**Assignment**
Retype the data below verbatim; pictures do not belong in the copy.

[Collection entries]

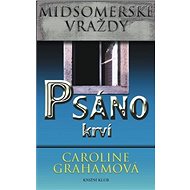 Midsomerské vraždy Psáno krví - Caroline Grahamová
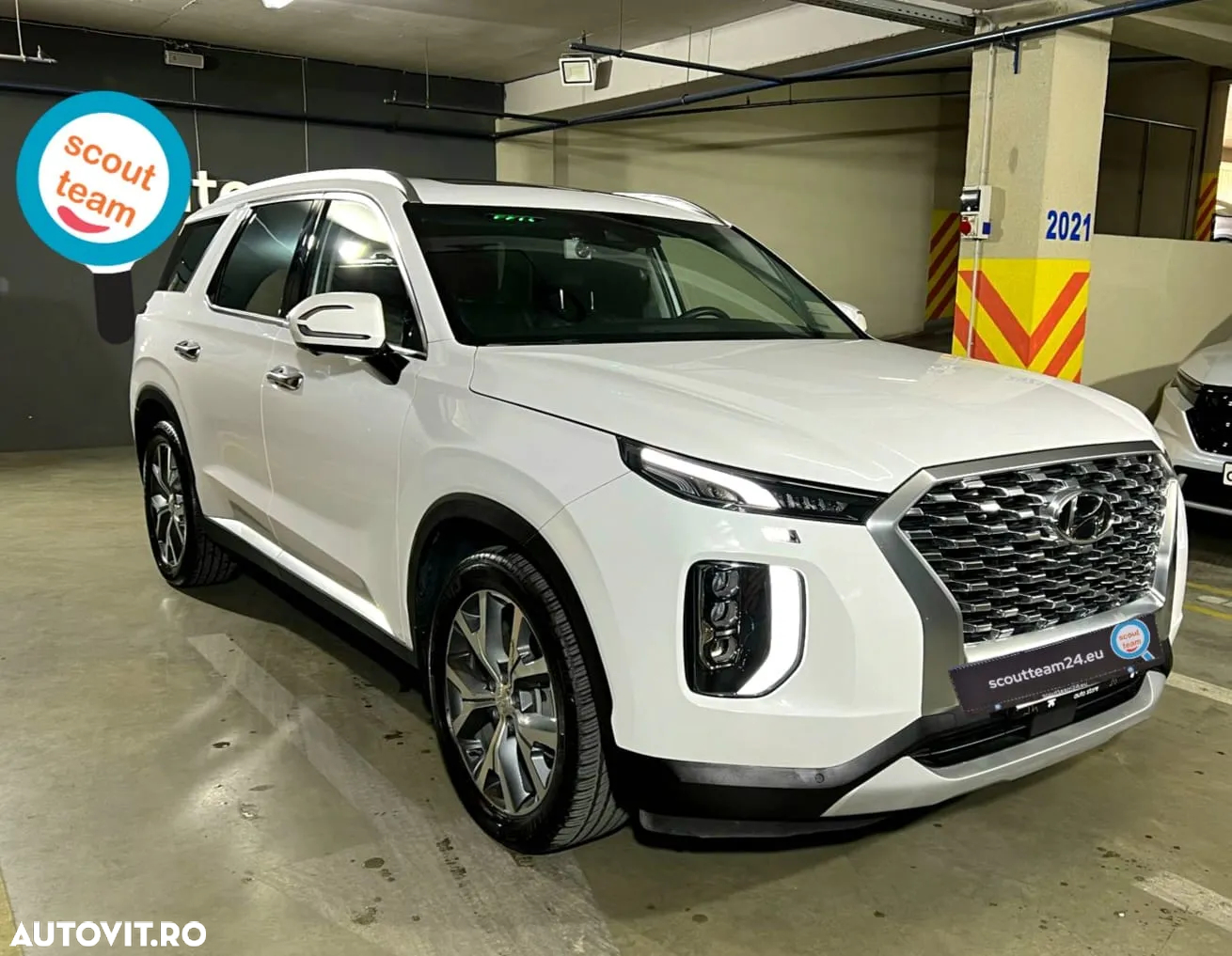 Hyundai Palisade - 4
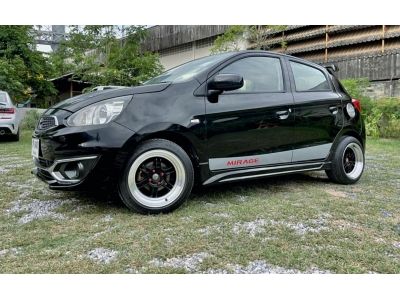 Mitsubishi Mirage 1.2 รุ่น GL เกียร์ MT ปี 2016 รูปที่ 3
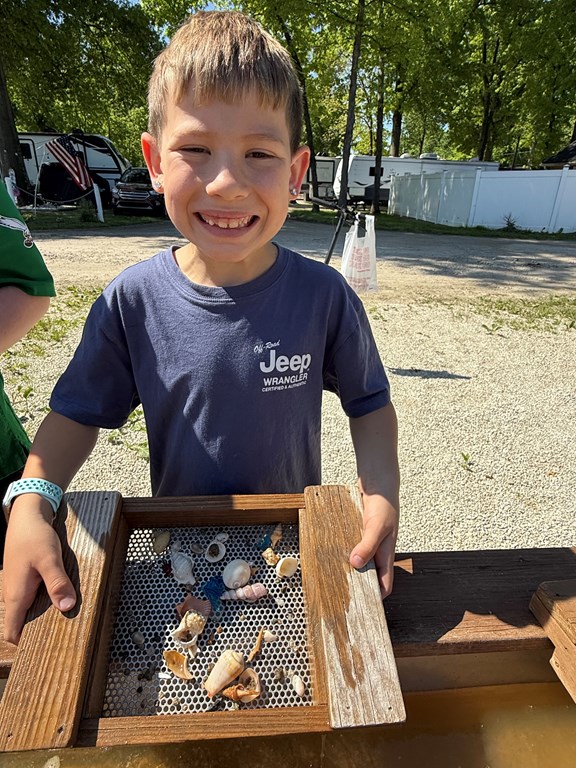 Gem Mining Treasure Hunt Adventure!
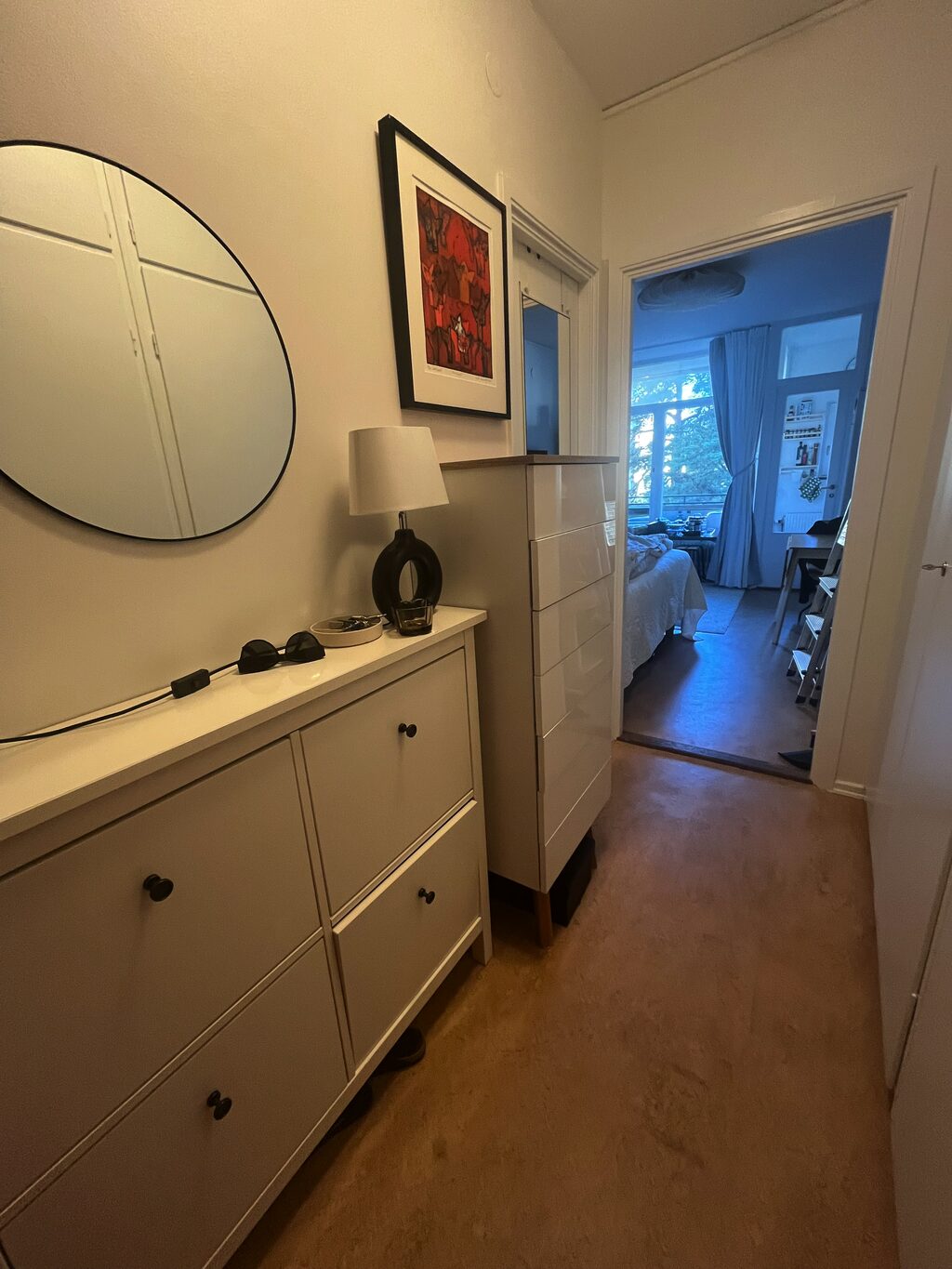 Lägenhetsbyte - Holbergsgatan 84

**Task solution**
 Midsomerské vraždy Psáno krví - Caroline Grahamová
 Hyundai Palisade - 4
 Mitsubishi Mirage 1.2 รุ่น GL เกียร์ MT ปี 2016 รูปที่ 3
 Gem Mining Treasure Hunt Adventure!
 Lägenhetsbyte - Holbergsgatan 84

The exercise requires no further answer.